++++ Record set

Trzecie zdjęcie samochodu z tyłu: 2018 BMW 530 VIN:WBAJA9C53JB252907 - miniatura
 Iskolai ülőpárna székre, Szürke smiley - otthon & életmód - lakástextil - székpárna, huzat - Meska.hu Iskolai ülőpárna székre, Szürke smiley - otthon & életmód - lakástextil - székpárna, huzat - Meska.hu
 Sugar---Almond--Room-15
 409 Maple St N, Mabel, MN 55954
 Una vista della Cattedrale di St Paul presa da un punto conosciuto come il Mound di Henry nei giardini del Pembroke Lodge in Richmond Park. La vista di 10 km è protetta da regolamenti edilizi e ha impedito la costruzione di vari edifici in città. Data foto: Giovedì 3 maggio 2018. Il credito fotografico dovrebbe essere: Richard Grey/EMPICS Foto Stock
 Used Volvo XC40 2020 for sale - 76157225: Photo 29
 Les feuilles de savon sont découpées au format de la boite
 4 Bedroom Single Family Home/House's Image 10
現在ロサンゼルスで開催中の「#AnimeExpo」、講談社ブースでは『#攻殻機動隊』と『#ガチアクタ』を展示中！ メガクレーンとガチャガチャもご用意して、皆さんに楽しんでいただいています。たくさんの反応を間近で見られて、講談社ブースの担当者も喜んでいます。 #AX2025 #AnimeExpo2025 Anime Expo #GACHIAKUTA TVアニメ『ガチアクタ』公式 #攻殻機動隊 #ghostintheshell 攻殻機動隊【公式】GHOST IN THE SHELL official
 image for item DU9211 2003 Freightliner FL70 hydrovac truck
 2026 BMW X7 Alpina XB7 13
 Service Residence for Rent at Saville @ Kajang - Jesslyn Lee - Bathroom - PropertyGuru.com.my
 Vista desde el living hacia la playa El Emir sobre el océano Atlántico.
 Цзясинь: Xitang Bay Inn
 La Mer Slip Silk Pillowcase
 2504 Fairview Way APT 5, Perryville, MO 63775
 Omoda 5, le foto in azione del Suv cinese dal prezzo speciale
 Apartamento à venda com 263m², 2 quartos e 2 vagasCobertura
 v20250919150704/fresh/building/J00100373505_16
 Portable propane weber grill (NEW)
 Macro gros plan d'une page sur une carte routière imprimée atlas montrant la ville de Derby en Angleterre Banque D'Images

++++++++

» Exercise aim
Search the data for the word "foto" and copy each line where it appears.

» Answer to the problem
 Una vista della Cattedrale di St Paul presa da un punto conosciuto come il Mound di Henry nei giardini del Pembroke Lodge in Richmond Park. La vista di 10 km è protetta da regolamenti edilizi e ha impedito la costruzione di vari edifici in città. Data foto: Giovedì 3 maggio 2018. Il credito fotografico dovrebbe essere: Richard Grey/EMPICS Foto Stock
 Omoda 5, le foto in azione del Suv cinese dal prezzo speciale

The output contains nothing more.